- [Task directions]
Word for word, give the data again without its pictures.
Input data Block Start
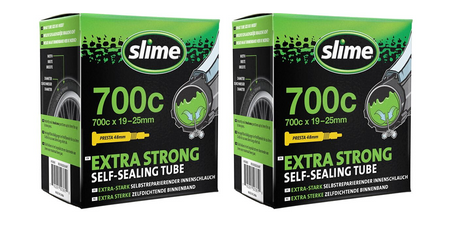 2x Slime Smart Self-Sealing Bicycle Road Inner Tube | 700 x 19-25c | 48mm Presta Valve
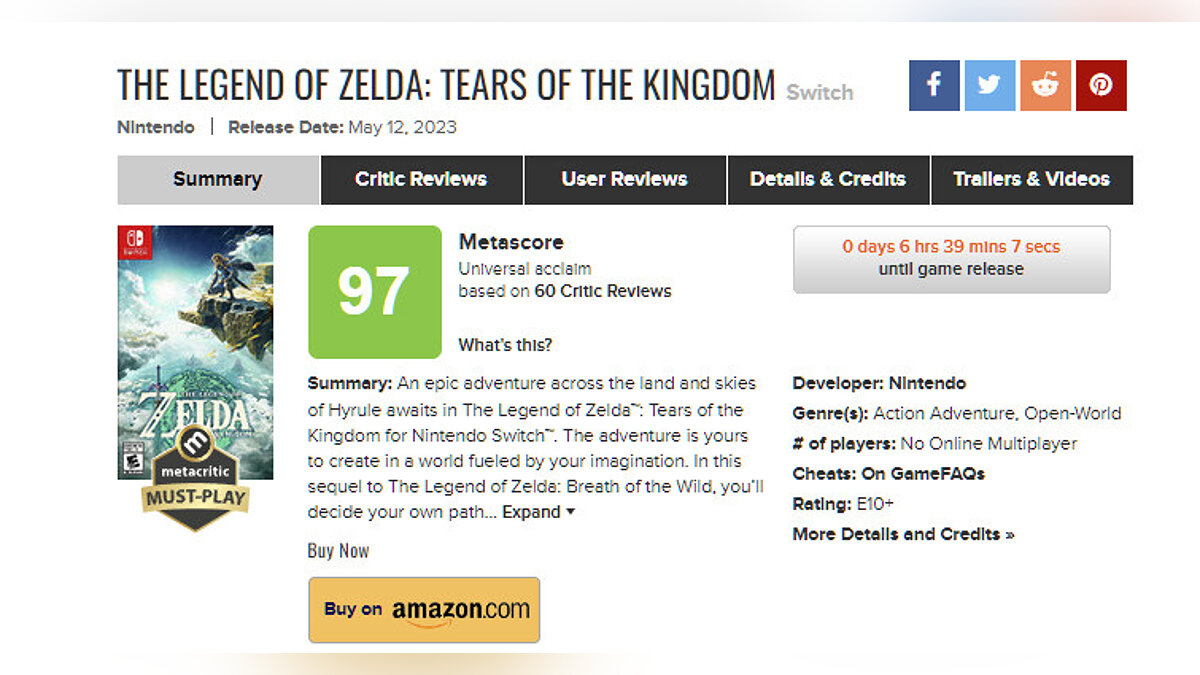 Одна из лучших игр в истории: Tears of the Kingdom получила 97 баллов на  OpenCritic и Metacritic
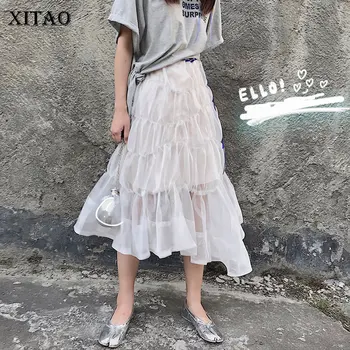 

XITAO Perspective Lace Skirt Fashion New Women 2020 Spring Elegant Elastic Waist Loose Casual White Small Fresh Skirt XJ3643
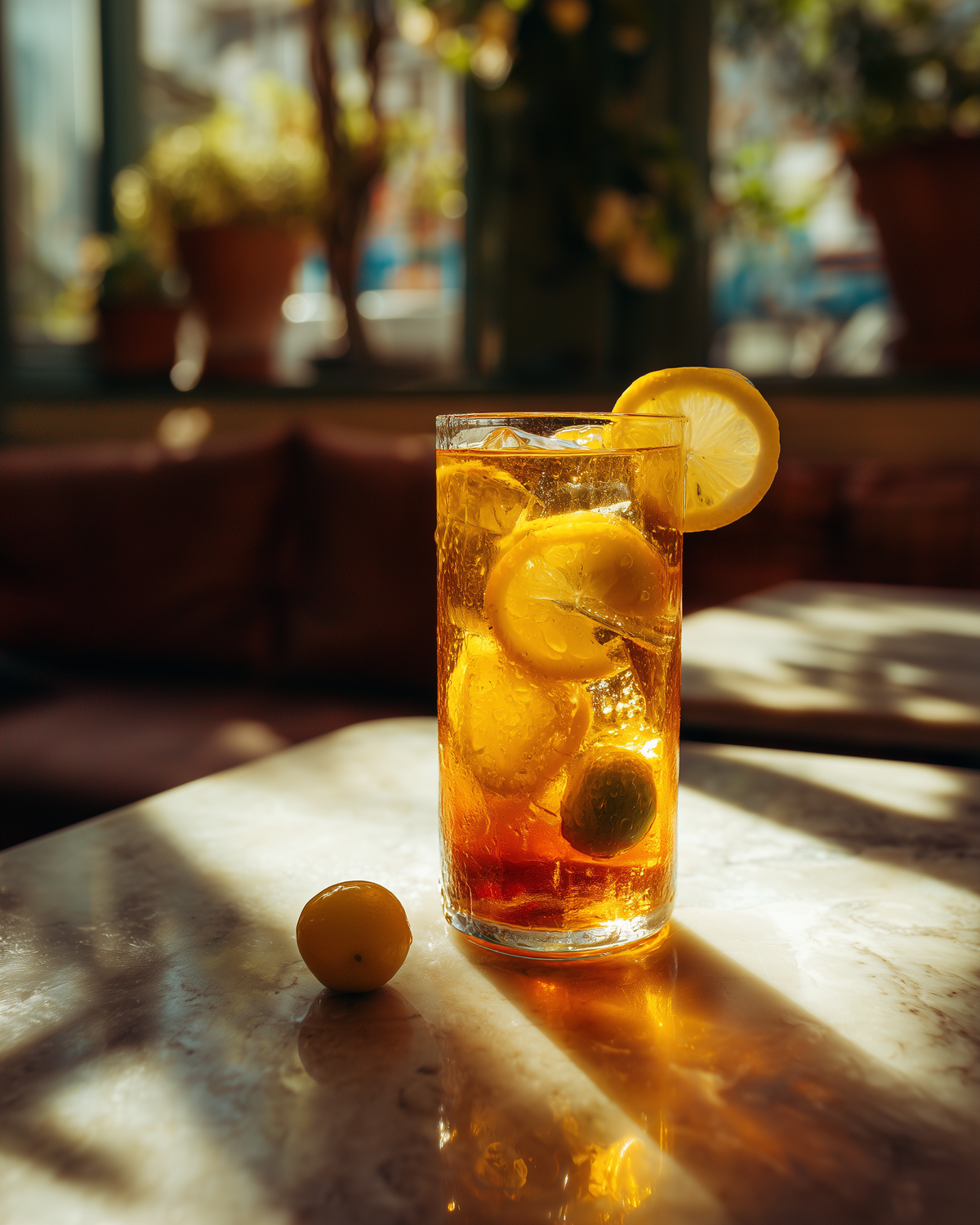 Duck Shit Aroma DanCong oolong cold brew with fragrant lemon and kumquats in a tall glass.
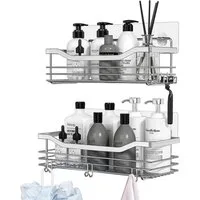 Refined Living Duschregal Duschablage ohne Bohren,Edelstahl Duschablage mit 5 Haken,2 Stück, Duschkörbe für Bad Küche Toilette,Duschregal,Badezimmer Regal Organizer,für Badezimmer, Schränke, Küchen 2-tlg., elbstklebender Duschkorb zur Aufbewahrung vo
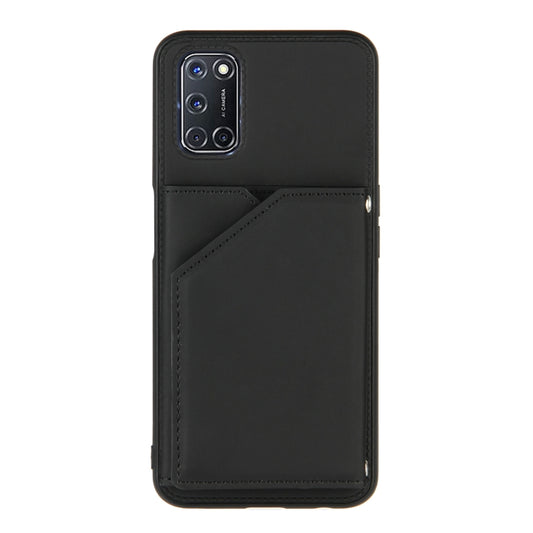 For OPPO A52 & A72 & A92 Skin Feel PU + TPU + PC Back Cover Shockproof Case with Card Slots & Holder & Photo Frame(Black) by buy2fix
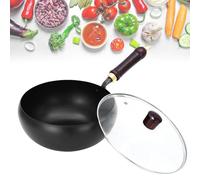 OLYGEE Hand Hammered Cast Iron Wok with Lid, Uncoated Japanese Cookware for Gas & Induction Hobs (24cm,Glass lid)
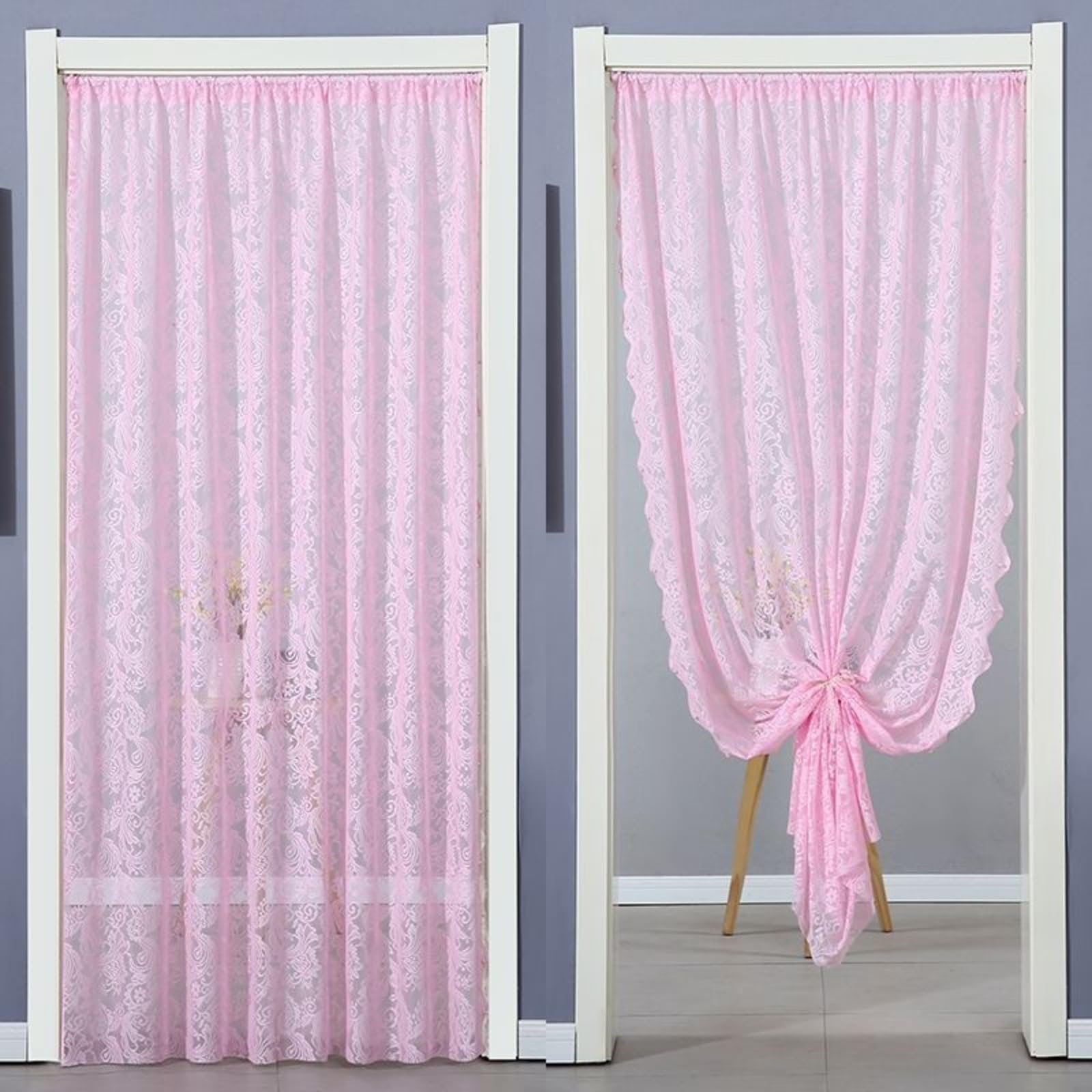 Rideau de porte rose filtrant pour cacher placard sans percer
Input data Block End
- [Answer]
 2x Slime Smart Self-Sealing Bicycle Road Inner Tube | 700 x 19-25c | 48mm Presta Valve
 Одна из лучших игр в истории: Tears of the Kingdom получила 97 баллов на  OpenCritic и Metacritic

XITAO Perspective Lace Skirt Fashion New Women 2020 Spring Elegant Elastic Waist Loose Casual White Small Fresh Skirt XJ3643
 Duck Shit Aroma DanCong oolong cold brew with fragrant lemon and kumquats in a tall glass.
 Refined Living Duschregal Duschablage ohne Bohren,Edelstahl Duschablage mit 5 Haken,2 Stück, Duschkörbe für Bad Küche Toilette,Duschregal,Badezimmer Regal Organizer,für Badezimmer, Schränke, Küchen 2-tlg., elbstklebender Duschkorb zur Aufbewahrung vo
 For OPPO A52 & A72 & A92 Skin Feel PU + TPU + PC Back Cover Shockproof Case with Card Slots & Holder & Photo Frame(Black) by buy2fix
 OLYGEE Hand Hammered Cast Iron Wok with Lid, Uncoated Japanese Cookware for Gas & Induction Hobs (24cm,Glass lid)
 Rideau de porte rose filtrant pour cacher placard sans percer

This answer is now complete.